How many Americans have $8000 in savings?

The typical American household has $8,000 in their bank account, according to the latest data from the Federal Reserve's Survey of Consumer Finances. That's the median transaction account balance as of 2022, which includes savings, checking, money market, call accounts, and prepaid debit cards.

What is the $27.40 rule?

The "$27.40 rule" is a personal finance strategy to save $10,000 in a year by consistently setting aside $27.40 every single day, which adds up to over $10,000 annually ($27.40 x 365 days). This method makes saving less daunting by breaking a large goal into small, manageable daily habits, fostering discipline, and helping build funds for emergencies, debt repayment, or other financial goals. 

Why does Dave Ramsey not like annuities?

Dave Ramsey dislikes annuities primarily due to their complexity, high fees, surrender charges limiting access, and capped growth, believing mutual funds and 401(k)s offer better, simpler growth opportunities, though critics argue his blanket advice overlooks annuities' benefits for specific needs like guaranteed lifetime income. He views them as overly complicated insurance products with hidden costs that hinder wealth building, contrasting them with straightforward investments. 

What is the happiest retirement age?

While there's no single "magic age," research and surveys point to around 63-67 as a happy retirement sweet spot, balancing good health, financial readiness (Medicare eligibility at 65, full Social Security around 66-67), and the time to enjoy an active lifestyle before health declines significantly, though personal finances, purpose, and lifestyle goals ultimately determine the best time. Many people retire earlier (average actual age 62), but those retiring involuntarily or too early without financial plans report less happiness and more stress, while delaying slightly allows for greater security and health, notes Kiplinger and MassMutual. 

What are the four documents Suze Orman says you must have?

Suze Orman's 4 Must-Have Documents for financial and personal security are a Will, a Revocable Living Trust, a Durable Financial Power of Attorney, and an Advance Directive for Healthcare (often combined with a Durable Power of Attorney for Healthcare), ensuring your assets, care, and wishes are handled if you're incapacitated or pass away, preventing family strife and costly court battles. 

What is the biggest retirement regret among seniors?

Not Saving Enough

If there's one regret that rises above all others, it's this: not saving enough. In fact, a study from the Transamerica Center for Retirement Studies shows that 78% of retirees wish they had saved more.

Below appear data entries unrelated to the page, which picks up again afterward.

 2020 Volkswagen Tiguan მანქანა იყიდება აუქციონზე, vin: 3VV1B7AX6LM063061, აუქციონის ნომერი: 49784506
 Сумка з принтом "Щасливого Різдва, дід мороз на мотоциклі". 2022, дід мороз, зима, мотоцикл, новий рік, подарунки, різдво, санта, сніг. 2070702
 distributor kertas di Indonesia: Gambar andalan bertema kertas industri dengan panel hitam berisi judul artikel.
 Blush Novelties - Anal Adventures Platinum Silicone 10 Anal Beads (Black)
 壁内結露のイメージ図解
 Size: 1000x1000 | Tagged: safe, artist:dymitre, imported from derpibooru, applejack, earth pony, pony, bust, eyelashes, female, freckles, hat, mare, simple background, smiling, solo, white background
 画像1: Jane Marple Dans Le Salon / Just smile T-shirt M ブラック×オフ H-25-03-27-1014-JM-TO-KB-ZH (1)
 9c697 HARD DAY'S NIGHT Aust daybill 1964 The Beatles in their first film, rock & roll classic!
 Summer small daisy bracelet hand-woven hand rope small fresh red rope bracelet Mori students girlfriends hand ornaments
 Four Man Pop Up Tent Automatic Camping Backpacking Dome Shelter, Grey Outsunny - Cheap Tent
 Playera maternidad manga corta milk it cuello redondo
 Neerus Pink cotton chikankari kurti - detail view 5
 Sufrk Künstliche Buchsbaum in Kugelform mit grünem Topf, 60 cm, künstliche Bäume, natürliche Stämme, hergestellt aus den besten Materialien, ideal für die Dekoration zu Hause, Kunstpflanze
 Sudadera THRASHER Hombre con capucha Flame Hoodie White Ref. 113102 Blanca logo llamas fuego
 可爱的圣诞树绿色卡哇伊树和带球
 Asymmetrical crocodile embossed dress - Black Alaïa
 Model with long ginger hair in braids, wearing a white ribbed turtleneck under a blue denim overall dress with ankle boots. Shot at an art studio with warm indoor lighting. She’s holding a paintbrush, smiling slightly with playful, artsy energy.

How many Americans have $1,000,000 in their 401k?

The number of 401(k) millionaires in the U.S. is growing, with recent reports from late 2025 and early 2026 showing record highs, ranging from around 512,000 to over 650,000 individuals with million-dollar balances, depending on the data source and time period (e.g., Fidelity reported ~512k in early 2025, while Morningstar noted 654,000 by Q3 2025). While it's a record number, it still represents a small fraction, roughly 2-3%, of all 401(k) participants, with most being long-term savers, often Gen X and Baby Boomers, who started early and contributed consistently. 

What is a good monthly retirement income?

A good monthly retirement income is generally 70-80% of your pre-retirement income, aiming to maintain your lifestyle, but it varies greatly by location, healthcare needs, and spending habits; for many, this translates to $4,000 to $8,000+ monthly, covering basics to a comfortable life, with averages around $5,000/month for individuals and $8,300/month for couples, though median figures are lower, highlighting the importance of personal budgeting. 

Does owning a home increase net worth?

Homeownership allows you to increase your net worth because you can build equity through mortgage payments, which increases your asset value over time as the property appreciates in value, experts say.

What are common net worth mistakes?

Focusing too much on a single asset or sector. Neglecting tax-efficient strategies. A lack of comprehensive estate planning. Not partnering with a high-net-worth wealth management firm.